Kick Ass 2 #4 - Pretty violent stuff going on in this one, but what else would you expect?  It's still entertaining as hell, and just like the first series, I don't think that it would necessarily work as a movie.

I, Vampire #1 - I had no intention of getting this one until I read a bit about it and saw some of the preview artwork.  Andrea Sorrentino's artwork reminds me of Jae Lee, and that's a good thing.  Anyway, this certainly feels different from everything else that's out there, and I liked it for that reason.  It was also nice to see that it focused primarily on a long-standing debate between two characters.  Plus, we're likely to see the rest of the DC Universe get involved with all these vampire shenanigans.  Too bad Blade isn't part of the DC Universe.

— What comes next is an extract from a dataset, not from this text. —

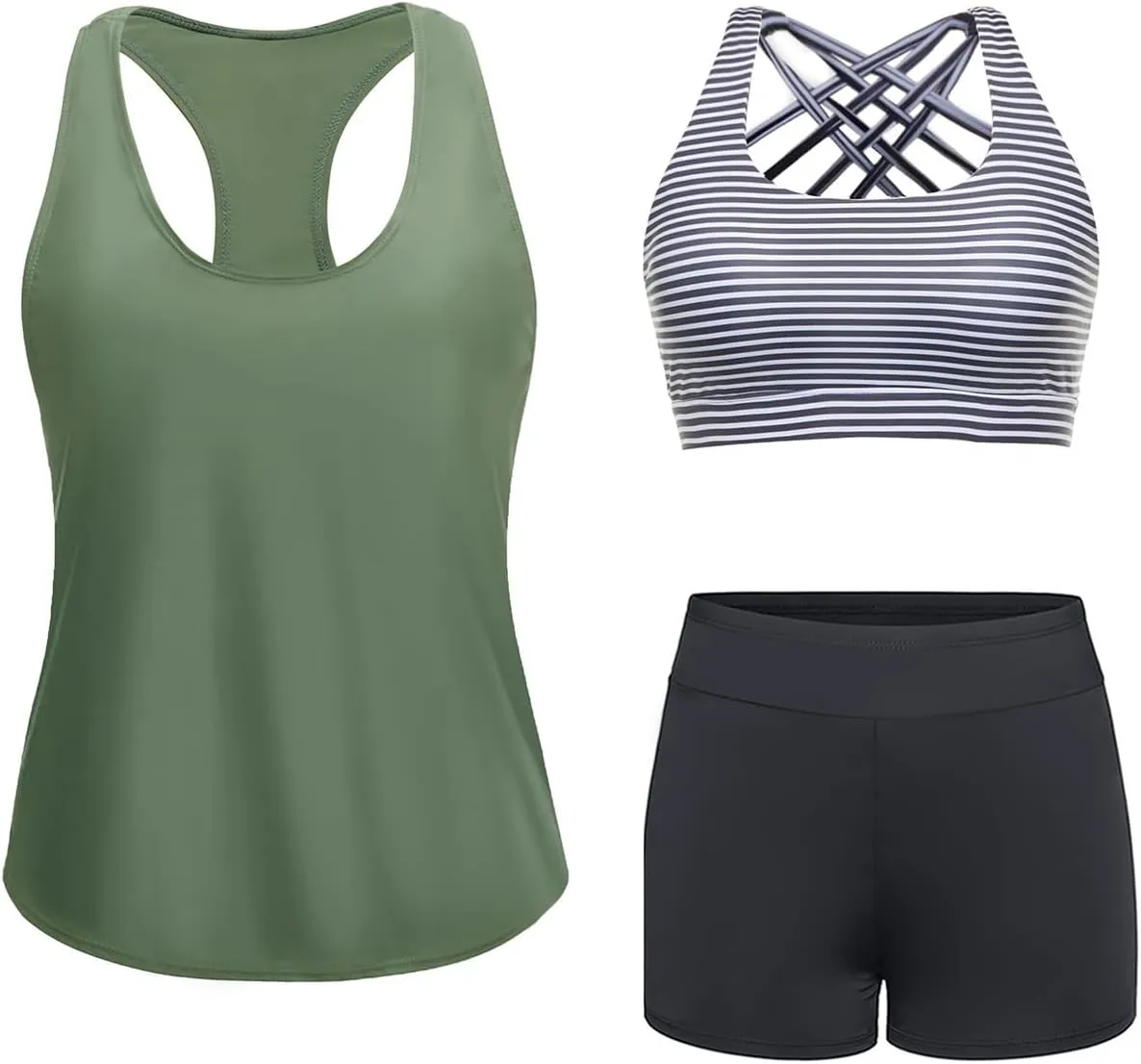 Aqua Eve 3 Piece Athletic Tankini Swimsuits for Women with Swim Tank Tops with Boy Shorts and Sports Bra Modest Bathing Suit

Superman #1 - As modern as Grant Morrison's Action Comics feels, this other Superman book feels positively old school - well, old school for me anyway, as I started reading in the 1980s.  You definitely get a lot of story packed into one issue, and that's a nice change of pace.  Still, I'm a bit disappointed to hear that the creative team will be changing after issue seven.  Hopefully they can keep it good.  Oh, and an unmarried Superman is definitely the way to go, so I'm glad that this is another marriage "undone".

The New Avengers #16.1 - Norman Osborn returns as does veteran artist Neal Adams.  While Adams's work doesn't hold up to his stuff from the 70s and 80s, it's still pretty good, even if he does make Norman Osborn look more like Harry Osborn.  Anyway, I'm interested in what they're setting up here, and I'm looking forward to what's going to happen in what's easily the best Avengers book on the stands.

The Amazing Spider-Man #670 - Dan Slott is doing a great job of building the tension and mounting more and more problems to Spider-Man's situation in the continuing "Spider-Island" storyline.  I wonder what the long-term impacts of this story will be?

Wolverine #16 - I liked this issue well enough, but I felt that it resolved Wolverine's current self-loathing a little too quickly - or at least, it seems like it did.  Hopefully next issue will show that he still has a lot more healing to do.

Captain America and Bucky #622 - Not much to say about this one other than it was another solid installment in a storyline that started when the series changed its name.  Bucky has come a long way in Ed Brubaker's hands, and he's no longer just the sidekick who died.  Oh, and I still think that they're going to be bringing him back.

The Flash #1 - This was a series that I bought primarily for the artist.  Francis Manapul is doing a nice job in that department, and he makes the revised version of Flash's costume work better than Jim Lee does.  As for the writing?  Manapul is co-writing with Brian Buccellato, and this issue is a pretty good start.  I'm down with the next issue.

Batman:  The Dark Knight #1 - This was pretty good.  I don't think that I liked the writing as much as I did on the first go-round with this series - at least, not with just the first issue as my criteria.  Hopefully with Paul Jenkins on board though, this storyline will have a more satisfactory conclusion.